Der Essener Bergbau- und Mischkonzern RAG und die Industriegewerkschaft Bergbau, Chemie, Energie (IG BCE) begrüßten ebenfalls den Kompromiss. "Der Weg für den Börsengang ist frei. Das bietet dem Konzern und dem Ruhrgebiet sehr gute Zukunftschancen", sagte eine RAG-Sprecherin. Ein konkreter Termin für den RAG-Börsengang wurde noch nicht genannt. Die IG BCE äußerte Erleichterung, dass ein Ausstieg 2014 endgültig vom Tisch sei.

"Das dicke Ende"

FDP-Landeschef Andreas Pinkwart betonte, die historische Entscheidung zum Ausstieg aus der Steinkohle sei mit den vereinbarten Eckpunkten unumkehrbar geworden. Die so genannte Revisionsklausel sei ohne praktische Konsequenz, betonte FDP-Fraktionschef Gerhard Papke.

Auch die Grünen begrüßten, dass endlich eine Entscheidung getroffen worden sei. "Es gibt aber noch ein dickes Ende, was die Finanzbelastungen angeht", sagte ihr Kohle-Experte Reiner Priggen. Zwar zahle NRW ab 2015 keine Absatzhilfen mehr. Für Altlasten, Stilllegung und Anpassungsgelder müssten vom Land zwischen 2015 und 2018 aber noch rund 800 Millionen gezahlt werden. Dass der Bund sich nur mit einem Drittel an den Ewigkeitskosten beteilige, sei ein schlechtes Ergebnis, kritisierte Priggen. Dagegen hält der FDP-Landeschef und Forschungsminister Andreas Pinkwart die Verteilung für fair.

Zukunfts-Konzepte

Die schwarz-gelbe Landesregierung will das Ruhrgebiet in eine hochkarätige Wissenschafts- und Forschungslandschaft verwandeln. Die Mittel, die durch den Ausstieg aus den Kohlebeihilfen frei werden, sollen für diesen Strukturwandel genutzt werden, kündigte Rüttgers an. Die Wirtschaftspolitik werde sich auf Leitmärkte und Zukunfts-Technologien konzentrieren, darunter Energie, Logistik, Chemie, Gesundheits- und Kulturwirtschaft. Auch Handwerk und Mittelstand sollen gestärkt werden, um neue Jobs zu schaffen.

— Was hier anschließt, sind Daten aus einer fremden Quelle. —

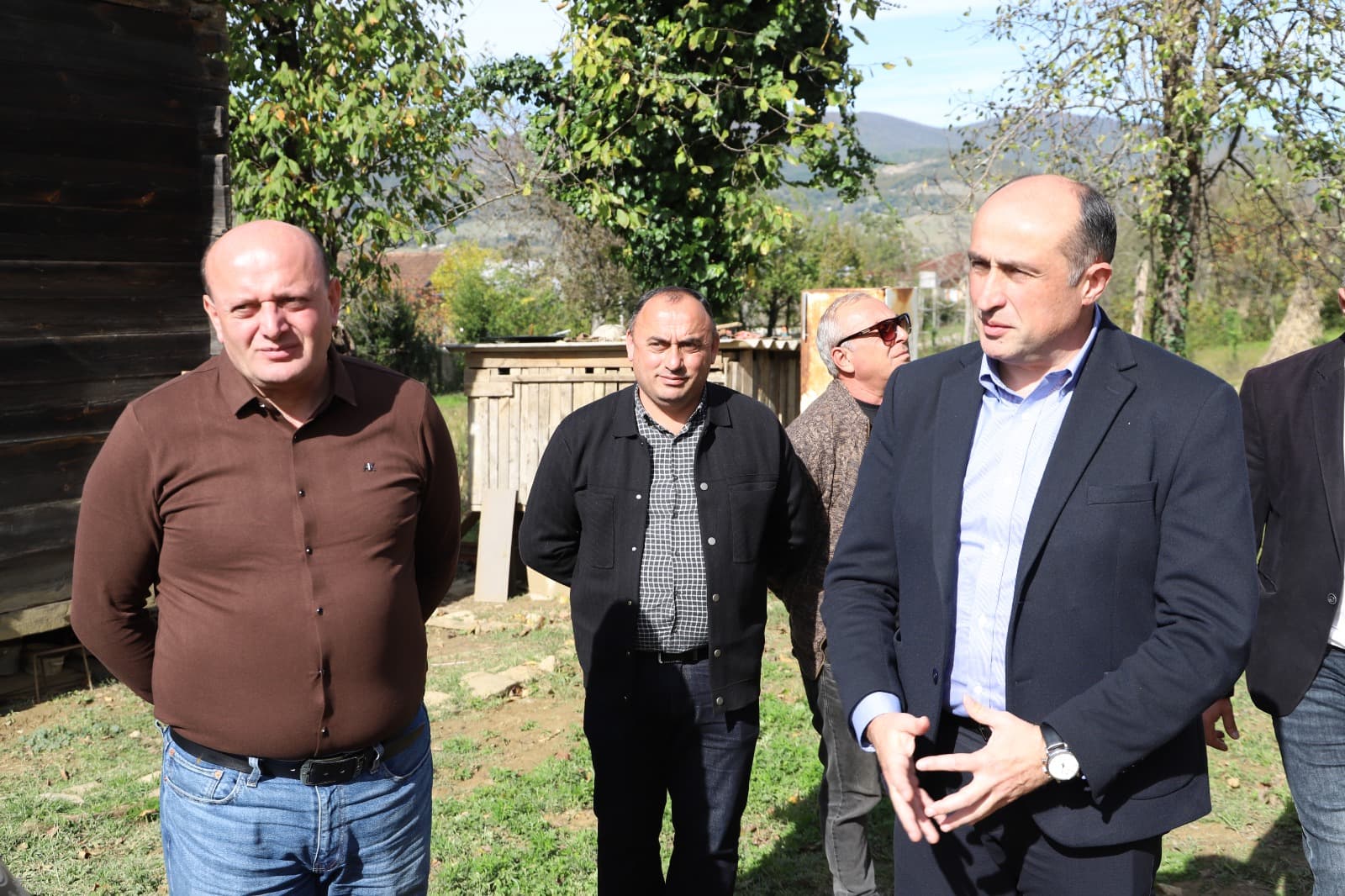 <p style="text-align: justify">თერჯოლის მუნიციპალიტეტის მერი მანუჩარ რობაქიძე, იმერეთში სახელმწიფო რწმუნებულთან ლევან ზალკალიანთან და საკრებულოს თავმჯდომარე გიორგი ბარათაშვილთან ერთად, სოციალურად დაუცველი ოჯახებისთვის საცხოვრებელი სახლების მშენებლობის პროცესს გაეცნო.</p><p style="text-align: justify">ახალი საცხოვრებელი სახლი მუნიციპალიტეტში მცხოვრებ 9 უსახლკარო, სოციალურად დაუცველ &nbsp;ოჯახს გადაეცემა.&nbsp;</p><p style="text-align: justify">მუნიციპალიტეტის მერიის ინფორმაციით, სოციალურად დაუცველი ოჯახების დახმარებისა და გაძლიერების მიზნით, აღნიშნული პროგრამის ფარგლებში ადგილობრივი ბიუჯეტიდან &nbsp;400 000 ლარია გამოყოფილი.</p><p style="text-align: justify">სოციალური პროგრამა, რომელიც თერჯოლის მუნიციპალიტეტში 2019 წლიდან ხორციელდება, ითვალისწინებს ინდივიდუალური სახლების მშენებლობას, ან შეძენას მძიმე საყოფაცხოვრებო პირობების მქონე სოციალურად დაუცველი პირებისთვის, რომელთა სახლები დაზიანების მასშტაბის გამო დემონტაჟს ექვემდებარება.</p><p style="text-align: justify">პროგრამის ფარგლებში ახალი საცხოვრებელი სახლი უკვე 50 ოჯახს გადაეცა.</p>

Kraft warf Rüttgers vor, keine klaren Konzepte zur Zukunft der Bergbau-Regionen zu haben. Er habe weder gesagt, was aus den Bergleuten werde, noch welche Änderungen es im Haushalt gebe. Sie hielt Rüttgers außerdem vor, seine Forderung nach 500 Millionen Euro an Strukturbeihilfen in Berlin nicht durchgesetzt zu haben. Im Gegensatz zu den ursprünglichen Verabredungen der großen Koalition, ziehe der Bund sich stattdessen komplett aus den Beihilfen zurück.

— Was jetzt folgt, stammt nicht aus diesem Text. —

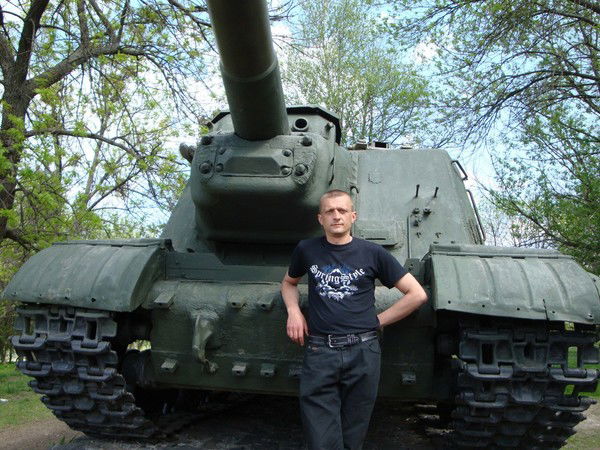 Андрей Мельник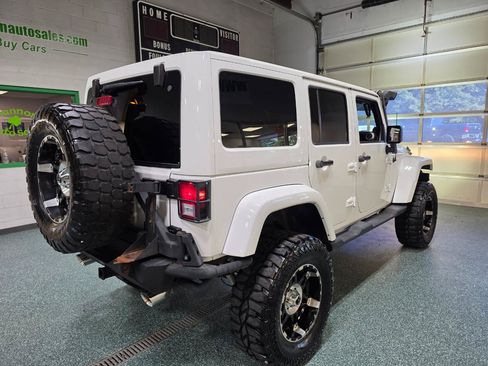 Used 2013 Jeep Wrangler Unlimited Sahara w/ Dual Top Group AWD/4WD image 6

FDP-Landtagsfraktionschef Gerhard Papke nannte die SPD-Kritik dreist. Ein besseres Verhandlungsergebnis wäre möglich gewesen, wenn Kraft dem Ministerpräsidenten nicht in den Rücken gefallen wäre, sagte Papke. Kraft habe wider besseres Wissen Bergleute aufgehetzt und eine Angstkampagne geschürt. Grünen-Fraktionschefin Sylvia Löhrmann warnte Kraft davor, mit der Forderung nach einem Sockelbergbau in den Landtagswahlkampf 2010 zu ziehen. "Mit uns wird es keinen Wiedereinstieg in die Kohlesubvention geben."